Palmer announced his candidacy for the Sunshine Coast electorate of Fairfax at the launch of the newly formed United Australia Party. He claimed that United Australia Party candidates would contest all 150 electorates in September’s federal election, relying on the Australian public’s disaffection with both major parties to draw support and win government.
Palmer said: “I am running to be the Prime Minister of Australia. I am standing because I think I can offer better service to the community than anyone else. Now is the time for Australia to claim back itself. I am fed up with watching television and seeing Tony Abbott who is no different to Julia Gillard.”
The United Australia Party is a resurrected version of a previous Australian political party of the same name, which served as a precursor to the modern Liberal Party as the nation’s dominant conservative party. The original United Australia Party was dissolved in 1945, enjoying an almost seven decade absence from Australian politics.
Palmer claimed that, over the coming weeks, the United Australia Party would reveal its candidates for the upcoming federal election, promising that they would include “major figures in politics, in this nation’s history.” He said that, despite his party’s Queensland origins and conservative philosophy, it was not formed to compete with the similarly fledgling Katter’s Australia Party.

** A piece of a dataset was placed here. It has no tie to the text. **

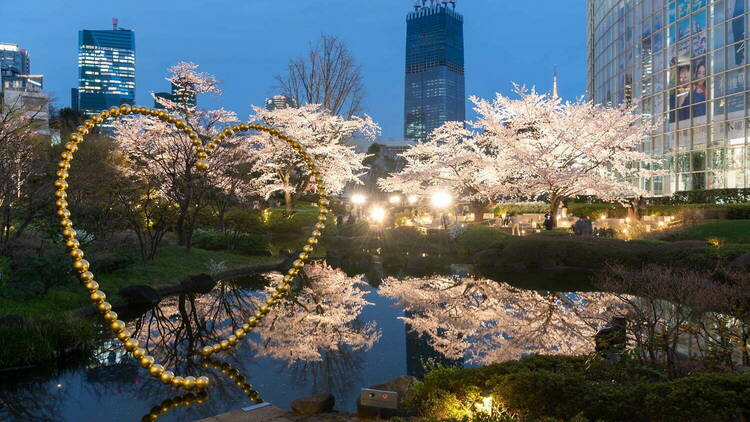 Roppongi Hills Sakura Festival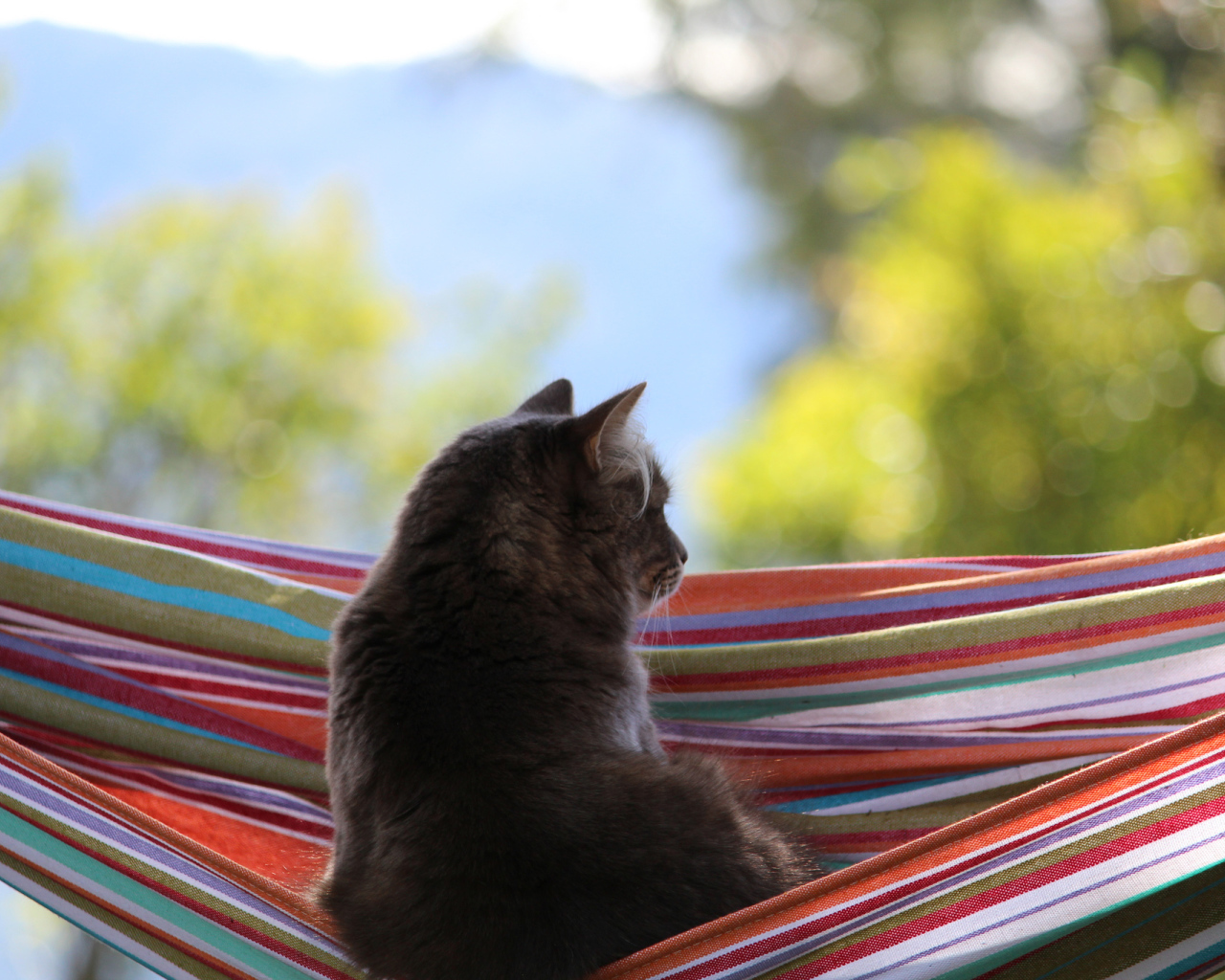 Кот мечтает в гамаке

Palmer said: “We are not there to offer or to compete with the Katter party, we are there to change the government of this nation and that is the reason we are standing.”
Former Prime Minister and fellow Queenslander Kevin Rudd hit out at Palmer’s play for political office, labelling the formation of the United Australia Party a “stunt” and questioning why it took the prominent businessman until five months before the federal election to declare his intentions.

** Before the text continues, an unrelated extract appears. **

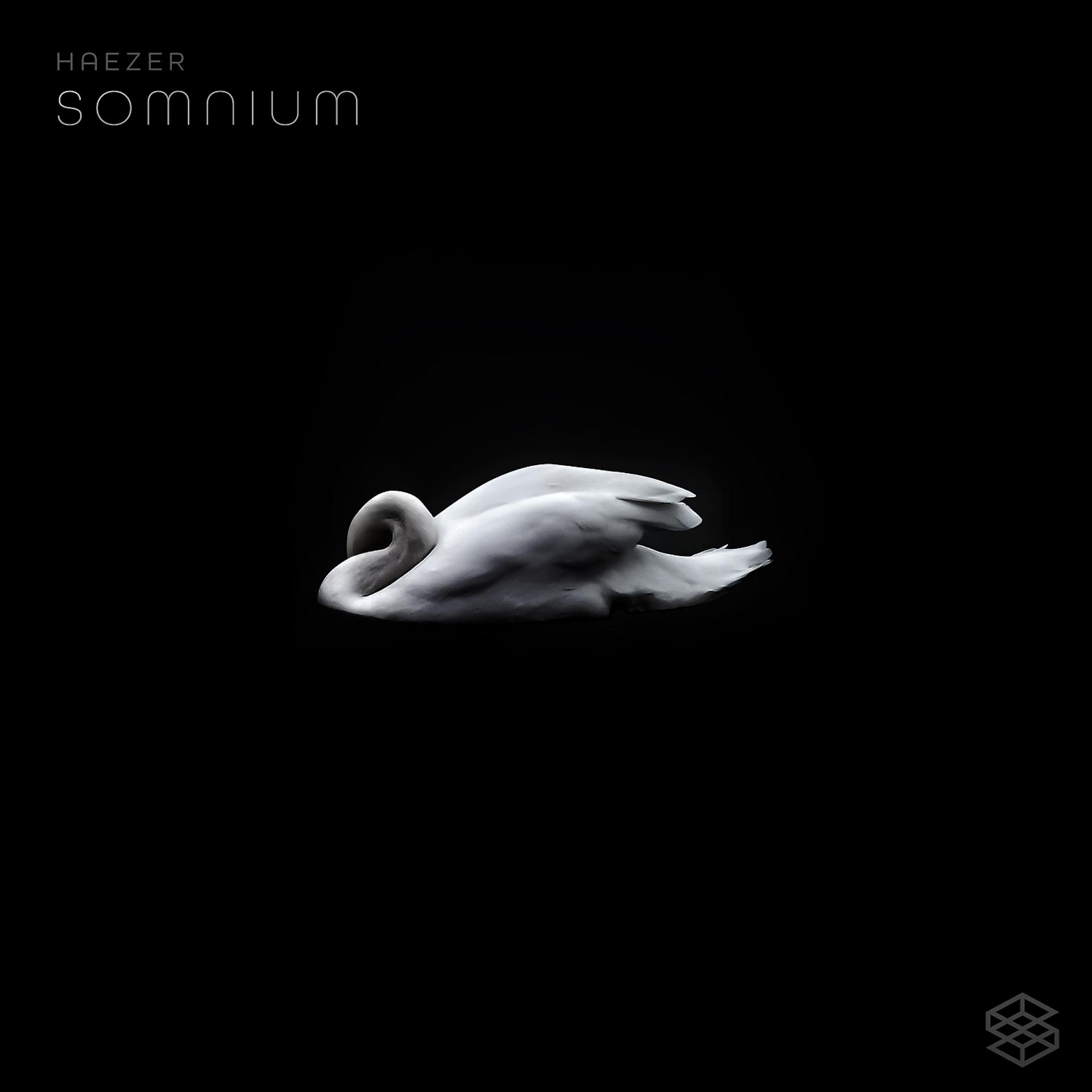 Постер альбома Somnium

Rudd said: “The thing with Clive is, why on earth are you doing it now? If you are going to run and you are going to put a lot of money in behind your campaign, at least the Australian people have the right to put you under some scrutiny about what policies you would take to an election and whether they should be supported or not. I think this last minute stunt like Clive has got in mind is not good because people want to know what you would change.”

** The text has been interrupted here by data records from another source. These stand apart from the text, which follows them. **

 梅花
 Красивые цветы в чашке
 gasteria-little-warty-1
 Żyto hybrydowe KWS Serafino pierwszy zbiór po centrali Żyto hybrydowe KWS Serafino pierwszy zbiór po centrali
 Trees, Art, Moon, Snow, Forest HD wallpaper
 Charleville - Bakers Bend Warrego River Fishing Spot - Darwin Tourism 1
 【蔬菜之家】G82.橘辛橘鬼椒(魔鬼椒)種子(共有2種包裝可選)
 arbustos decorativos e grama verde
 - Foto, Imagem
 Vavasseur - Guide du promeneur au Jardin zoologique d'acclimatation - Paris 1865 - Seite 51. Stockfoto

Opposition Treasurer Joe Hockey described Palmer as a “fairly unique individual” and said that he would be interested in what the Mineralogy founder’s political platform would be if he was elected to nation’s highest office.
Hockey said: “He (Palmer) out there in his own orbit and he is entitled to that place. I’m with Kevin (Rudd), I want to see his policy.”
Clive Palmer rescinded his life-long membership of the Liberal-National Party last year after coming into conflict with recently elected Queensland Premier Campbell Newman. He initially intended to run for parliament against federal Treasurer Wayne Swan in the electorate of Lilley, however withdrew from the pre-selection process before his nomination was taken to a party vote.